*** Dataset excerpt Section Begins ***

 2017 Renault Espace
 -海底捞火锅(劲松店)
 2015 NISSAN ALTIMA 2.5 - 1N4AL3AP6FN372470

*** Dataset excerpt Section Ends ***

Problem details:
Write out each line of the data above again, exactly as given.

Result of this exercise:
 2017 Renault Espace
 -海底捞火锅(劲松店)
 2015 NISSAN ALTIMA 2.5 - 1N4AL3AP6FN372470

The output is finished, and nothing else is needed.